(YOUR TASK) An exact transcription is needed of the lines below from the one with "Kootud müts trükiplaastriga" through the one with "Starbucks 2023 Winter", with no other lines and no pictures.

(DATA PROVIDED)
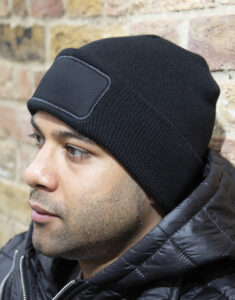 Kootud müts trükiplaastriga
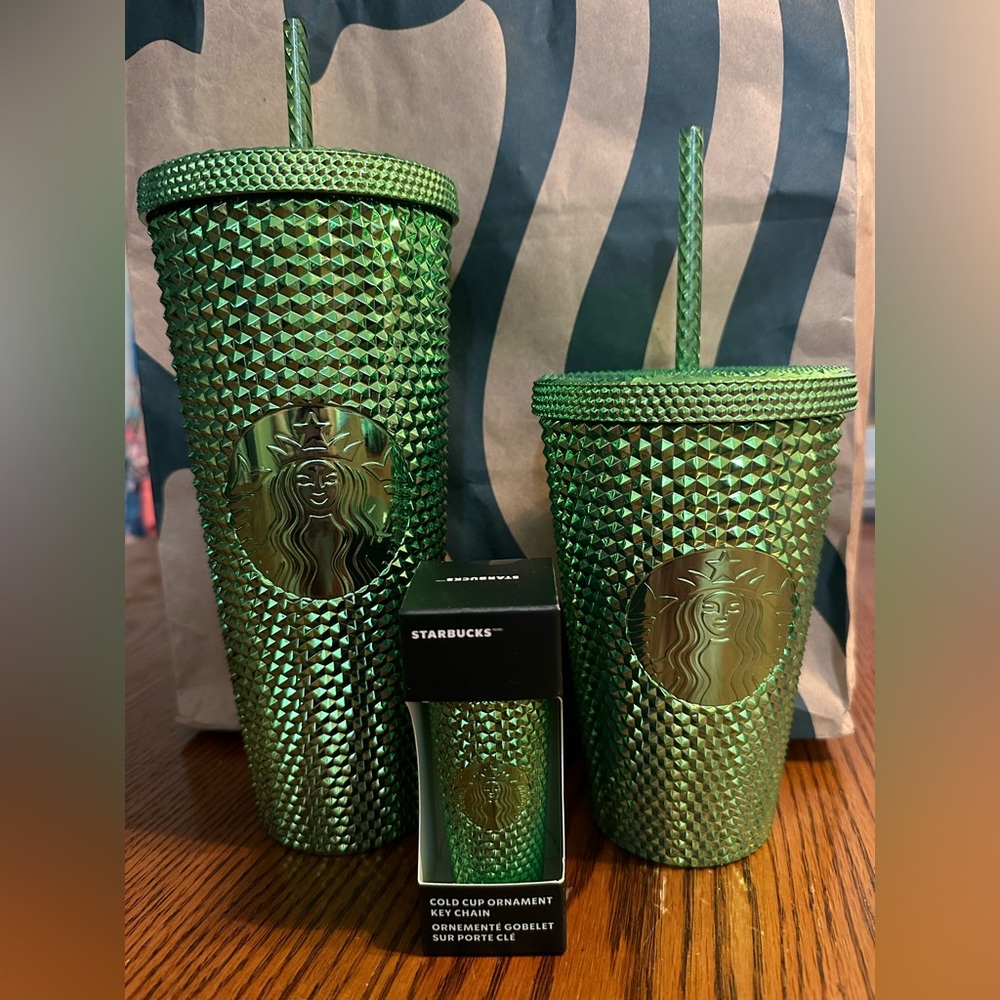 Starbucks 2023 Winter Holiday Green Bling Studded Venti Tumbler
--
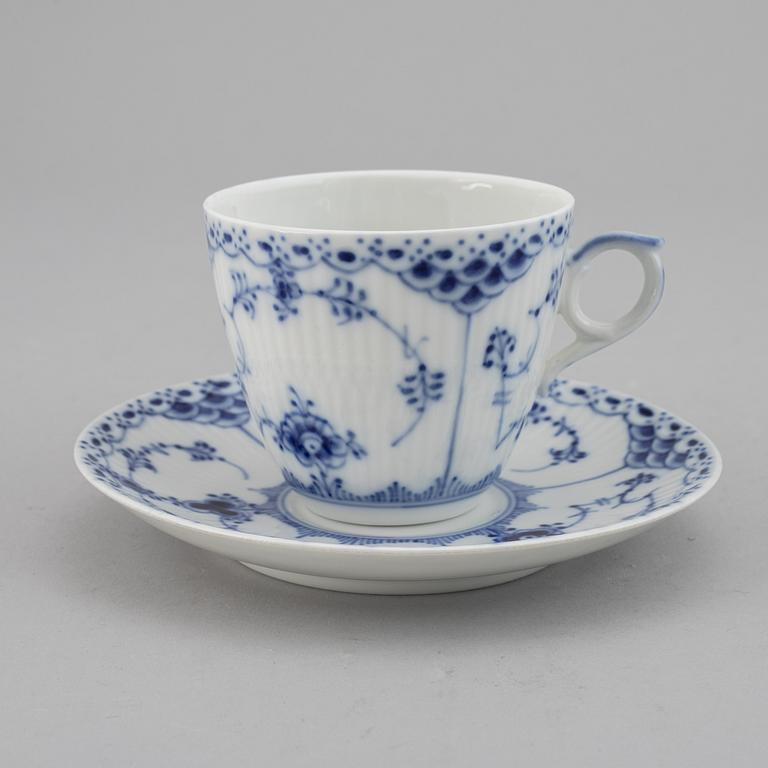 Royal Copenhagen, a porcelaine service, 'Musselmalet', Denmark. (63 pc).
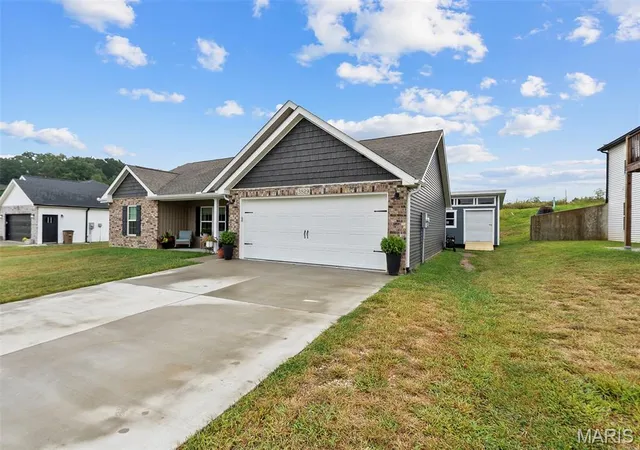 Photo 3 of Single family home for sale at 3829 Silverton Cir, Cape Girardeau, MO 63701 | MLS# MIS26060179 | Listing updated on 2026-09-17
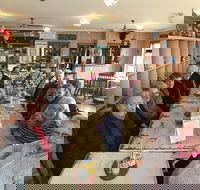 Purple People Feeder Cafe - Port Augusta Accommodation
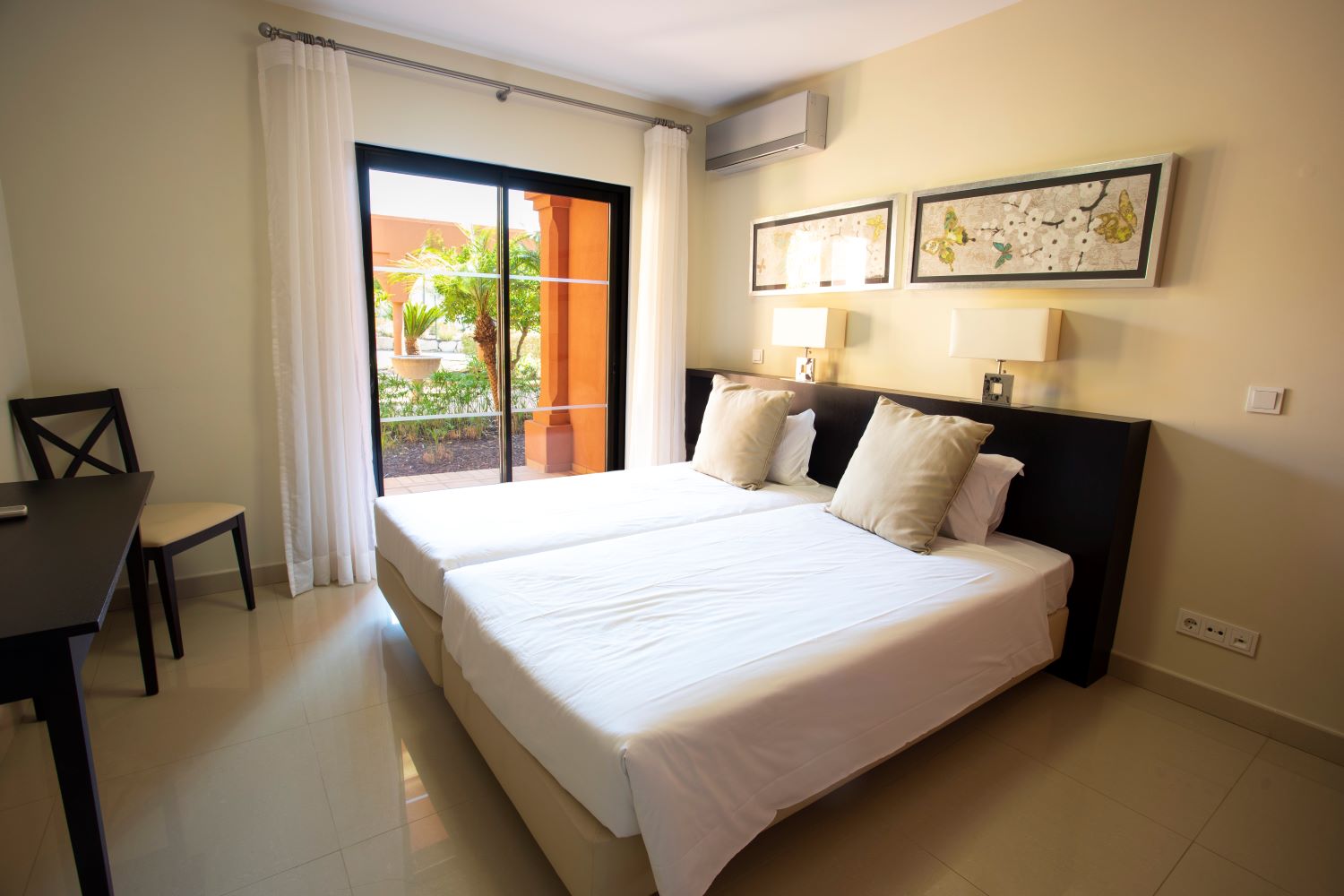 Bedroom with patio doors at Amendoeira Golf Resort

(RESULT FOR THIS TASK)
 Kootud müts trükiplaastriga
 Starbucks 2023 Winter Holiday Green Bling Studded Venti Tumbler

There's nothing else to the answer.